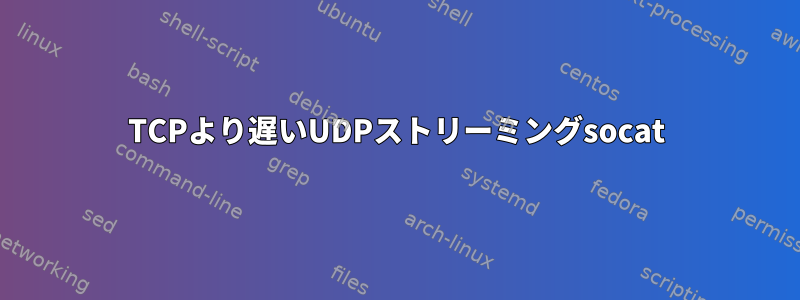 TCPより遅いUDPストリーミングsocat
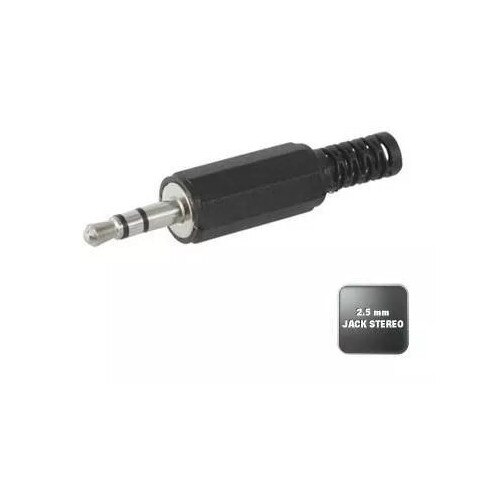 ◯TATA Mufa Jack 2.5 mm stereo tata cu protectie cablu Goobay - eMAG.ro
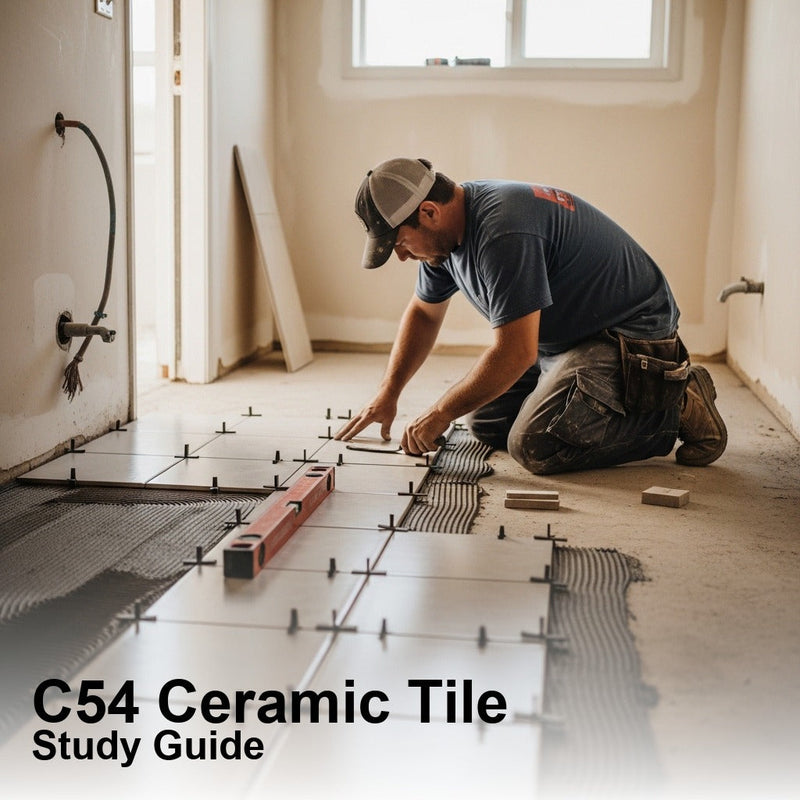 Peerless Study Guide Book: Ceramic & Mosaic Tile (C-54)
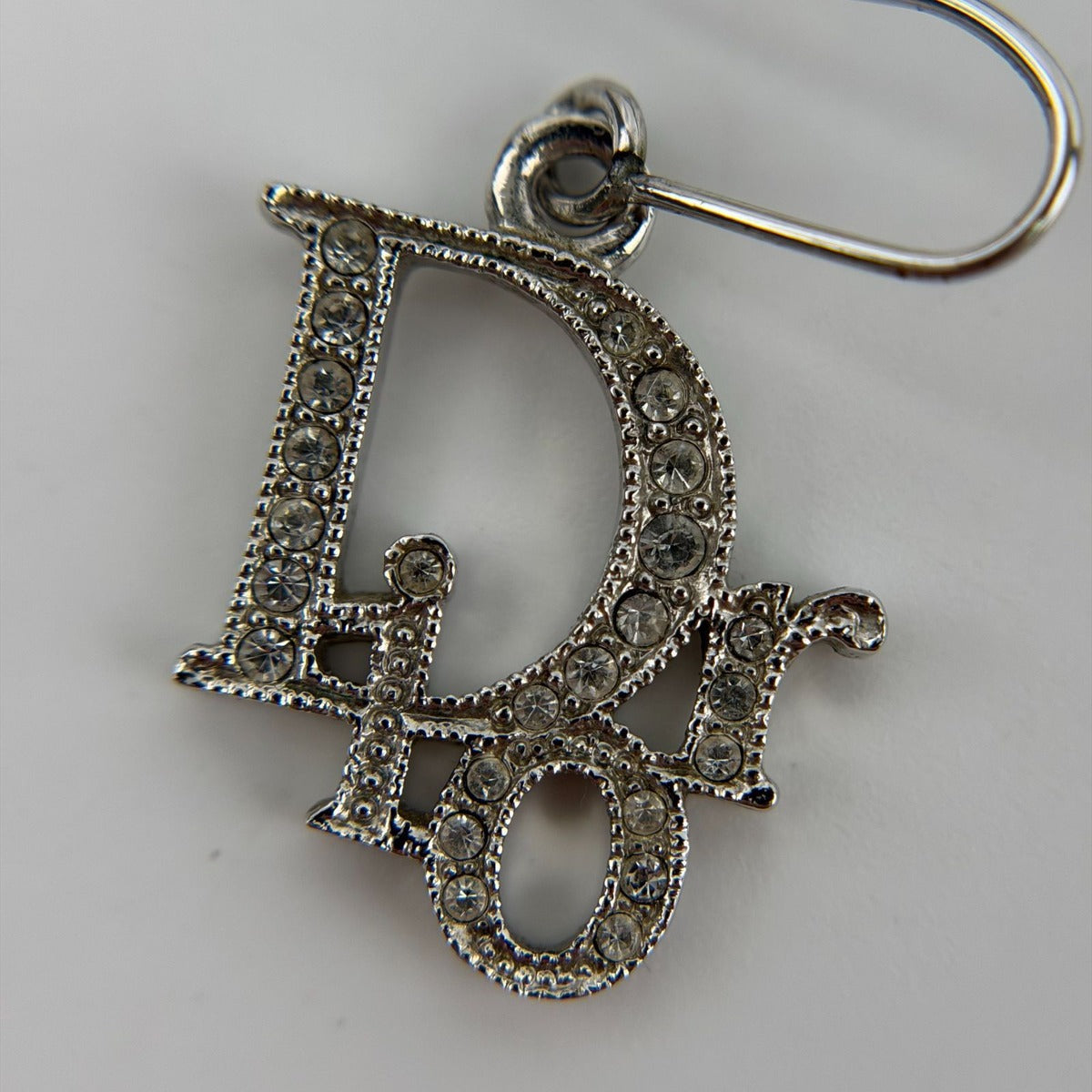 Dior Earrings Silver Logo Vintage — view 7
----------------
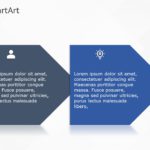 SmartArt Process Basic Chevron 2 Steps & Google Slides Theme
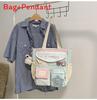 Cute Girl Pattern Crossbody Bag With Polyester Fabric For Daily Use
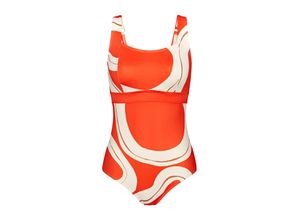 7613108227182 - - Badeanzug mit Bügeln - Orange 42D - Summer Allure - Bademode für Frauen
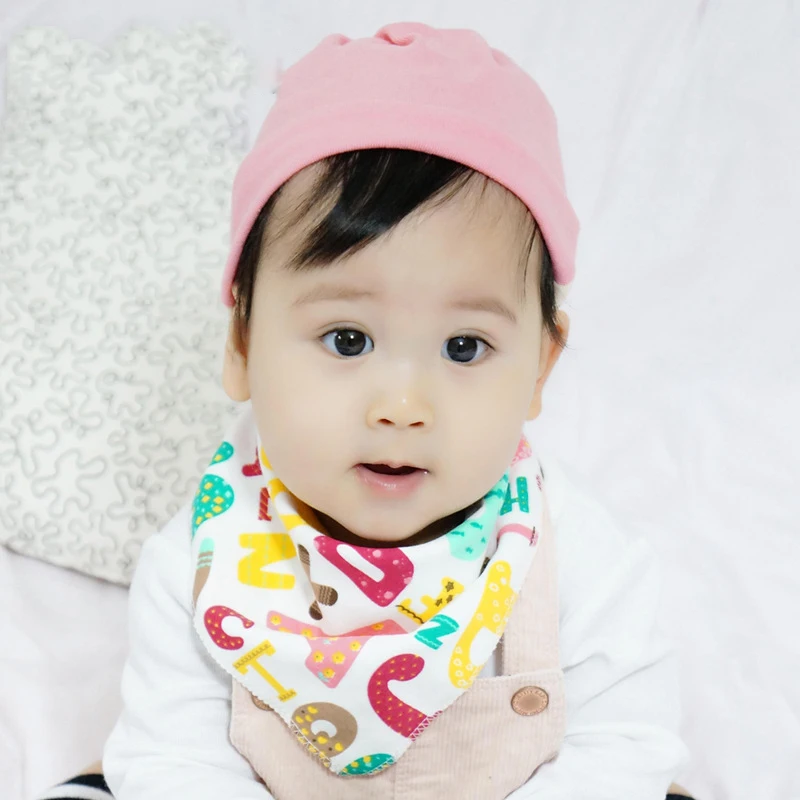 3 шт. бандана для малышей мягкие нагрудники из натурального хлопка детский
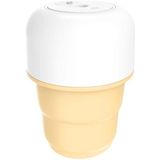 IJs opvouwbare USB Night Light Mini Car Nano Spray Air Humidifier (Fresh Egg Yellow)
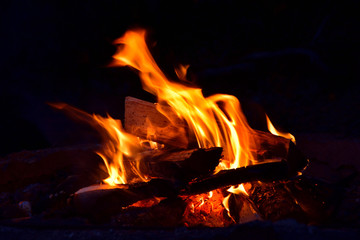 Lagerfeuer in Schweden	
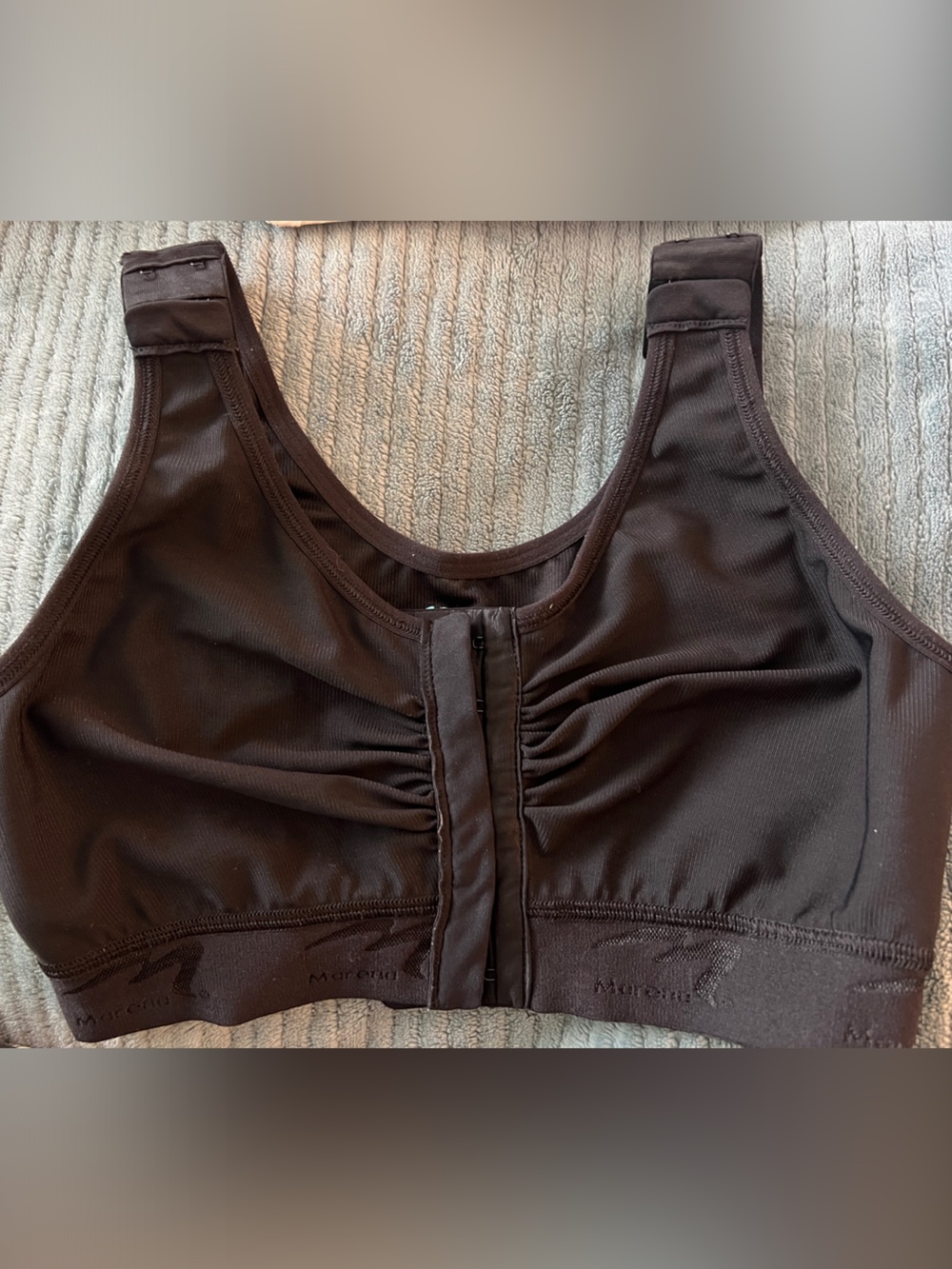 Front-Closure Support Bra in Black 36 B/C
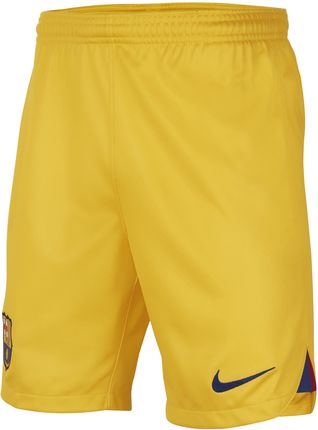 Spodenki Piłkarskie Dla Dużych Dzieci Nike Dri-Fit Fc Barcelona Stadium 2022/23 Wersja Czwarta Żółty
----------------
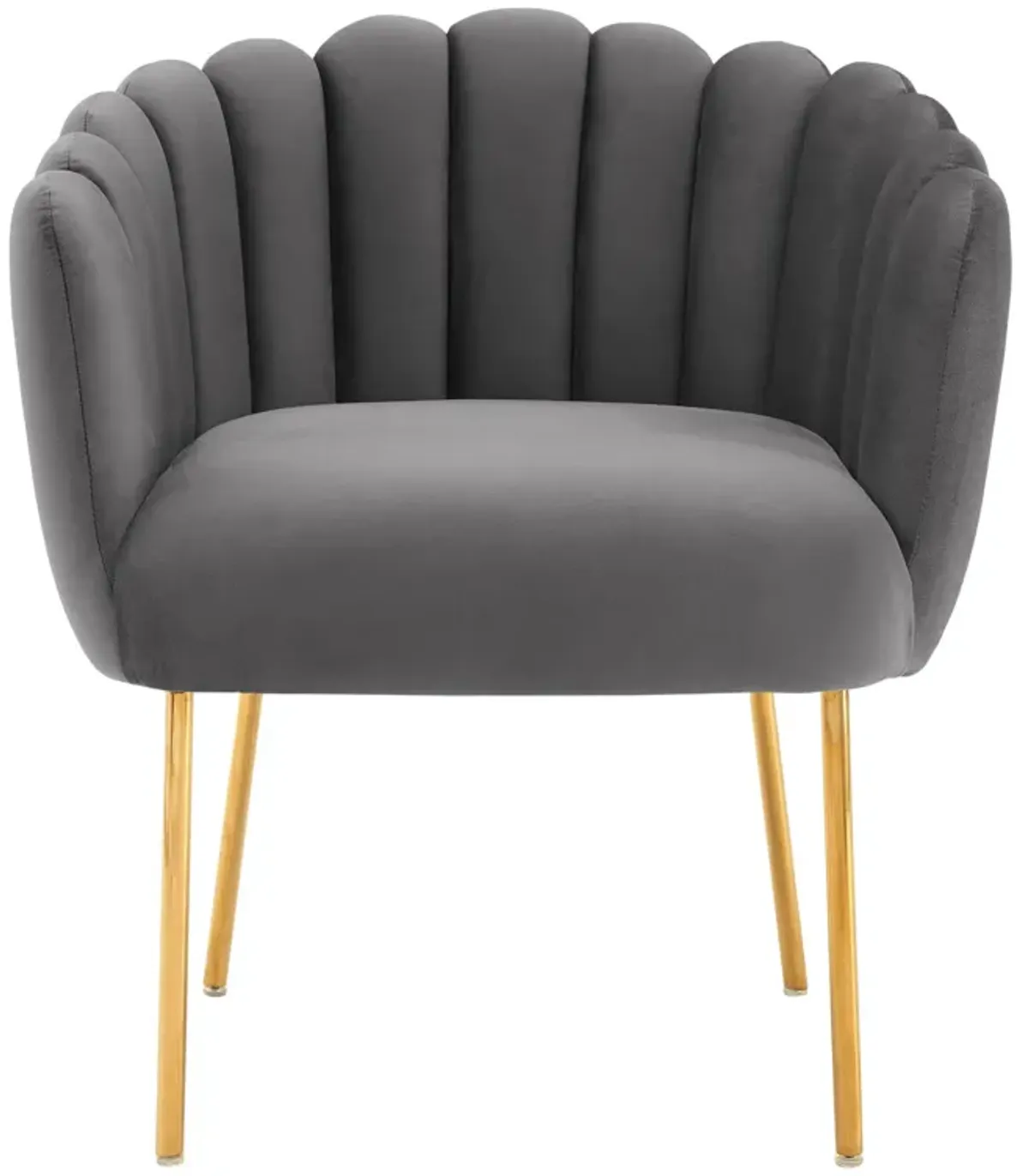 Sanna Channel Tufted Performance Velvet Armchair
----------------
[Problem details] In the listing above, find the line with "Lagerfeuer in Schweden" and the line with "Spodenki Piłkarskie Dla". Copy exactly those two and every line between, without the pictures.

[Written answer]
 Lagerfeuer in Schweden	
 Front-Closure Support Bra in Black 36 B/C
 Spodenki Piłkarskie Dla Dużych Dzieci Nike Dri-Fit Fc Barcelona Stadium 2022/23 Wersja Czwarta Żółty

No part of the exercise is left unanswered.